Her behavior doesnt sound like a herd queen behavior but more like one who is the outcast.


----------



## GoatJoy (Aug 9, 2010)

Isnt that strange? She wasnt like that before... thank you so much


----------



## AlaskaBoers (May 7, 2008)

yeah, she sounds more like scapegoat and pricilla kept her in check.


----------



## GoatJoy (Aug 9, 2010)

Really? wow i never thought of that! thanks!


----------



## sweetgoats (Oct 18, 2007)

If she does not pick up the roll as the queen (the true roll) then another one will. Just becasue they are the oldest does not mean they will be the queen at all. Just keep a eye on her. Make sure she is eating and drinking. She might get depressed without her heard leader.


----------



## GoatJoy (Aug 9, 2010)

Really? lol i thought they would be glad. Pricilla wouldnt let them do ANYTHING without her permission. I thought they would be a bit relieved she was gone. i must have been way off in my understanding of the herd queen role.


----------



## sweetgoats (Oct 18, 2007)

I am sure she will be fine.
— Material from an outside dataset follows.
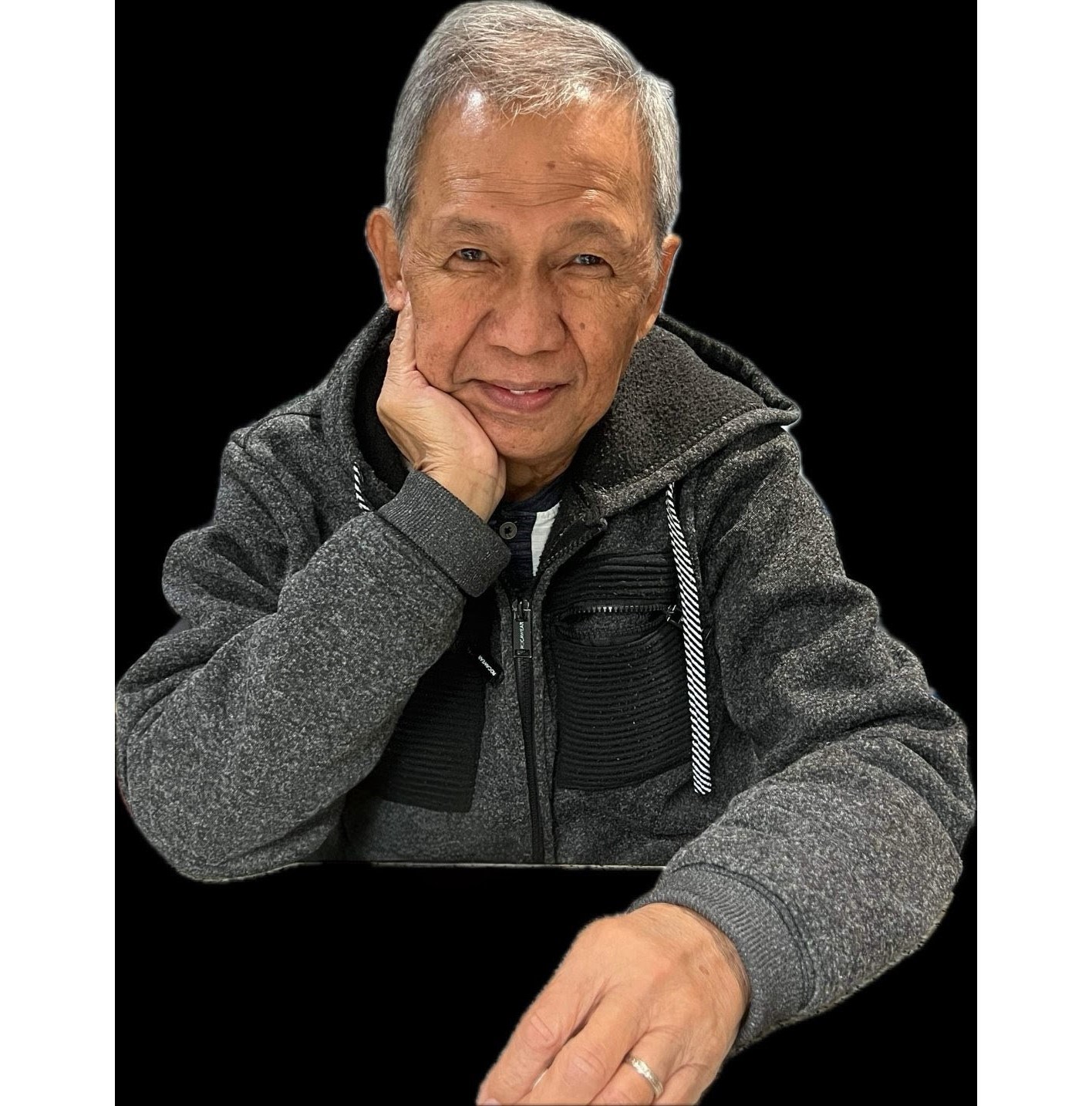 Avis de décès de Digno Semana Vibat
It might be that she needs to let it sink in that she can do things.


----------



## GoatJoy (Aug 9, 2010)

Ok thank you!


----------



## HoosierShadow (Apr 20, 2010)

If your kids were scared of her, then it's a good thing you didn't keep her. My kids absolutely ADORE our herd queen, and the other goats aren't afraid of her, but they respect her space. Not saying every pushy herd queen is a no keeper, but again if kids are involved.... My youngest will be 4 in Oct, and she is always out with the goats.


----------



## GoatJoy (Aug 9, 2010)

Yes they would run from her because she didnt want any of the other goats near us. she was kindof possesive and would charge them for getting close to us and my kids sometimes got in the way. she didnt have horns, but it was still scary to them.


----------